I feel that it is important to me so I get fairly despondant if I haven't done any knitting during the day and can't sleep until I have done so..


----------



## maryv528 (Aug 28, 2011)

Have you tried a local source of yarn, like a charity or so? Some of our charilties have yarn at no cost to the person. I get wool yarn regularly because they only use non-wool yarn. Not always alot, but there is wool there.


----------



## veebilly (Nov 8, 2011)

Hi I also have MS and a disabled Hubby who is the best ever and the love of my life. We only met three years ago and will be married for two this December. Best decision I ever made. We are in the UK and we know that financially we are really fortunate with our benefit system ( your social security cheque). My husband is fantastic as he manages to save a little each month and on my birthdays and Christmas he gives me the money to buy my wool plus we look in our charity shops etc. I am so lucky and do find it upsetting to hear that others cannot do the same. But on the up note, I don't know about you but knitting etc helps me so much in feeling useful and gives me perspetive if that makes sense..hopes so. Glad to meet you by the way. Vee


----------



## Helen Hawkins (Jul 1, 2011)

Since retiring I would probably get in about 7 hours knitting every day. I use the excuse that I am producing something, not just sitting wasting time. (It works sometimes)
Cheers Helen


----------



## NanaCaren (May 17, 2011)

tavimama said:


> SAH-HW = Stay At Home House Wife.


I like to think I'm one of those. Truth is I work harder at home than I did when I worked. I was a cook and seems how I love to cook it isn't work to me.


----------



## NanaCaren (May 17, 2011)

mommabarr said:


> NanaCaren said:
> 
> 
> > My kids say I spend too much time. I knit every moment I can. I am usually knitting/crocheting even while reading KP. Sometimes I will have to make myself not knit for a few hours.
> ...


That would be awesome. I did ask my DH if there was a program that would just read for me. If it could also type I'd be a happy camper.


----------



## dwr (Jun 16, 2011)

Starting another project before completing the first one just shows you have a creative mind that compels you to start something new!


----------



## NanaCaren (May 17, 2011)

dalex1945 said:


> You knit standing in line? Really??


I was waiting in line at the grocery store knitting. The lady behind me thought it was neat. I have also knitted in line to go through security at the airport. When it's my turn I just put it into the basket and step through the metal detector. Never been told I couldn't have it with me.


----------



## belinda (Mar 30, 2011)

I'm nowhere near that dedicated--I have Restless Leg Syndrome and can't sit still that long.
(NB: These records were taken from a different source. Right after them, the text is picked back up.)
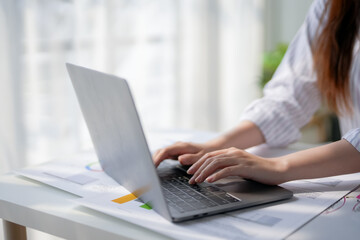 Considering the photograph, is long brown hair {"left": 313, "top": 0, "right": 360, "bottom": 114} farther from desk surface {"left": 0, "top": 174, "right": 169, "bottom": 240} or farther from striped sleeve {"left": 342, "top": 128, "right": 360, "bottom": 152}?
desk surface {"left": 0, "top": 174, "right": 169, "bottom": 240}

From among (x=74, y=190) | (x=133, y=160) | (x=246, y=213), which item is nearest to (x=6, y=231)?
(x=74, y=190)

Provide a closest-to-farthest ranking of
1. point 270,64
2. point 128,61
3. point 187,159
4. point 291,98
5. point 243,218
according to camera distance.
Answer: point 243,218 → point 187,159 → point 291,98 → point 128,61 → point 270,64

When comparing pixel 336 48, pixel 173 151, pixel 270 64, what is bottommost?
pixel 270 64

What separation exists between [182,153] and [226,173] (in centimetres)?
20

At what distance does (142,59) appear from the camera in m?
2.24

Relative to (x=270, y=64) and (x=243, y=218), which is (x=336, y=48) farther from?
(x=270, y=64)

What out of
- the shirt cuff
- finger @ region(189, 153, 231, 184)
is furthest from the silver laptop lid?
the shirt cuff

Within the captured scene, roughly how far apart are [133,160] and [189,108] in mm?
1893

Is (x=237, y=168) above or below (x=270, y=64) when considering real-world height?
above

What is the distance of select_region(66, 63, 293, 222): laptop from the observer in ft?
2.18

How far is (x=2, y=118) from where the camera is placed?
5.18ft

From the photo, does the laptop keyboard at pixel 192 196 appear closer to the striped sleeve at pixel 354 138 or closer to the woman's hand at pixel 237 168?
the woman's hand at pixel 237 168

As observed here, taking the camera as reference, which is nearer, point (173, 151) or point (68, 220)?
point (68, 220)

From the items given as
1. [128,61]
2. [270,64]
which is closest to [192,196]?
[128,61] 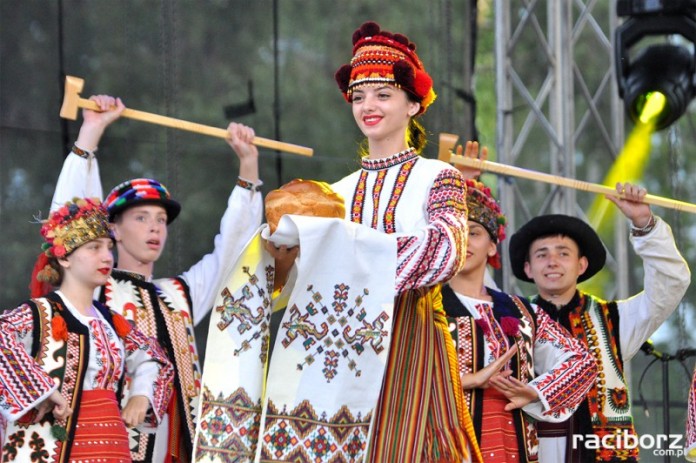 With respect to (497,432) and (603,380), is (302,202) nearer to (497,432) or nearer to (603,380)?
(497,432)

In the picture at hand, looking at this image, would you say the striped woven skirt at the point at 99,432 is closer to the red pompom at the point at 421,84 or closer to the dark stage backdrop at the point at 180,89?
the dark stage backdrop at the point at 180,89

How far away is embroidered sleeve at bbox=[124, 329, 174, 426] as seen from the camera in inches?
171

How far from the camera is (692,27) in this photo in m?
Result: 5.43

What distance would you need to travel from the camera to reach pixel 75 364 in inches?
160

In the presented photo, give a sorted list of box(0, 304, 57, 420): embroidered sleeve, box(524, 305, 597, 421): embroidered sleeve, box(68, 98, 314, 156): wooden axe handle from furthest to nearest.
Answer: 1. box(68, 98, 314, 156): wooden axe handle
2. box(524, 305, 597, 421): embroidered sleeve
3. box(0, 304, 57, 420): embroidered sleeve

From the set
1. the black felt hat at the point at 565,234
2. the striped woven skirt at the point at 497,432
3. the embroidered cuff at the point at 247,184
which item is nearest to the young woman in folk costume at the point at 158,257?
the embroidered cuff at the point at 247,184

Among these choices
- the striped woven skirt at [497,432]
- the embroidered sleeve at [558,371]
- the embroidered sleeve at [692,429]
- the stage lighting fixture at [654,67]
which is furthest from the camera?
the stage lighting fixture at [654,67]

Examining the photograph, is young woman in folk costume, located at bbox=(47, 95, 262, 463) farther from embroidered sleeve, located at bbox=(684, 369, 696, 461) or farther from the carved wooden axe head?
embroidered sleeve, located at bbox=(684, 369, 696, 461)

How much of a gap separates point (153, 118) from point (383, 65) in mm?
1857

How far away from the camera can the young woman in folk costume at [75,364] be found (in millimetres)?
3928

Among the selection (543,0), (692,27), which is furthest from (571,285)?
(543,0)

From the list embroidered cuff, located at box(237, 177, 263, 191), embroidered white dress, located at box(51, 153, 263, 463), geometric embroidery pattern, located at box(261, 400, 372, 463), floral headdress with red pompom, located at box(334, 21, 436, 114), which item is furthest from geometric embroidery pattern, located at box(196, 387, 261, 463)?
embroidered cuff, located at box(237, 177, 263, 191)

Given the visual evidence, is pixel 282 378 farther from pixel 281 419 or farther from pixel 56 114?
pixel 56 114

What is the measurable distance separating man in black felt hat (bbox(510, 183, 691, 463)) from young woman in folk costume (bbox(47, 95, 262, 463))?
1108 millimetres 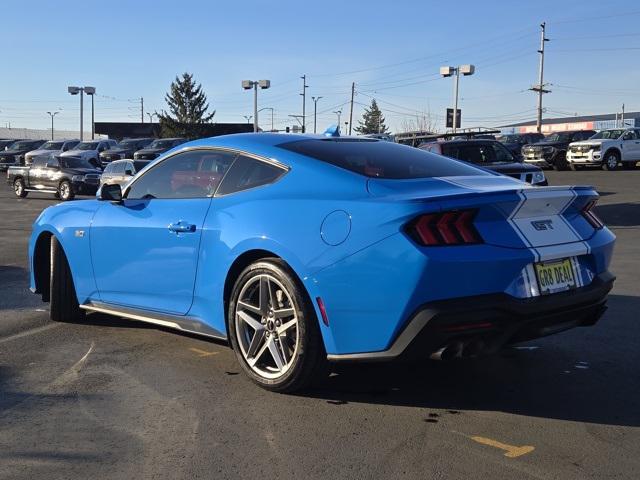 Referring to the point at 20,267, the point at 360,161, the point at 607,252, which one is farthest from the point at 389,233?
the point at 20,267

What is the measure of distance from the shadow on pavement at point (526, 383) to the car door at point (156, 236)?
1.27 meters

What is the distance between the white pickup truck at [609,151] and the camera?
98.3 feet

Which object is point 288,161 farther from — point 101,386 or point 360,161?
point 101,386

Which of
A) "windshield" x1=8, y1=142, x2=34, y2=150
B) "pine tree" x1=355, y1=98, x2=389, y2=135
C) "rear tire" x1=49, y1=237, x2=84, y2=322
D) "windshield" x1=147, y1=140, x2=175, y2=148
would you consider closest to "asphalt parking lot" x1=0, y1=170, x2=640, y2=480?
"rear tire" x1=49, y1=237, x2=84, y2=322

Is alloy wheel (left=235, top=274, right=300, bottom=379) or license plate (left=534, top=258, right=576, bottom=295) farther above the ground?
license plate (left=534, top=258, right=576, bottom=295)

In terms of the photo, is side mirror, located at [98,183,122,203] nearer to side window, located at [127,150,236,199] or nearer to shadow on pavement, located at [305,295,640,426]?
side window, located at [127,150,236,199]

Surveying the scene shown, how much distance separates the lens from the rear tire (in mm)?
5906

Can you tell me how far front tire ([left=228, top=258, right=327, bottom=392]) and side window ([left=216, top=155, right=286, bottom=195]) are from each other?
56cm

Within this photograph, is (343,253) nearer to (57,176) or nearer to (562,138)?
(57,176)

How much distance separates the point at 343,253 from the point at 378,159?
40.8 inches

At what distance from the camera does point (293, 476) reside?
3145 millimetres

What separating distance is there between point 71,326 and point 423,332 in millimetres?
3619

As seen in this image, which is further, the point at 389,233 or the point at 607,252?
the point at 607,252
I knit for an hour or so while watching tv, and always while riding in the car or waiting for appointments, but I'm also an avid reader, gardener (VCE Master Gardener volunteer), cook, cross-country walker, and yia yia to my grandaughter. I don't think I spend more than 10 hours a week doing any one thing, but I enjoy all the things I do!


----------



## 34652 (Sep 5, 2011)

knitcrow11 said:


> Hi kyriakoulla.. I have a bunch of stuff on Ebay right now if you'd like to get an idea of what I do. I don't use patterns, so I can't be of help in that department.
> EBAY
> http://shop.ebay.com/tomany***dolls/m.html


These are lovely!


----------



## 34652 (Sep 5, 2011)

Well, ladies, I can't tell you how much I appreciate having this forum! I had thought I was just strange with my love for 'feeling the yarn flow through my fingers,' but I see I am not alone in letting the housework go to do so and will stop feeling guilty if I get my knit-fix each day! Actually I am easier to get along with if I do have some time to knit--even when some of the time is frogging or tinking! 

Y'all are the best!


----------



## Rosewood513 (Oct 25, 2011)

belinda said:


> I'm nowhere near that dedicated--I have Restless Leg Syndrome and can't sit still that long. I knit for an hour or so while watching tv, and always while riding in the car or waiting for appointments, but I'm also an avid reader, gardener (VCE Master Gardener volunteer), cook, cross-country walker, and yia yia to my grandaughter. I don't think I spend more than 10 hours a week doing any one thing, but I enjoy all the things I do!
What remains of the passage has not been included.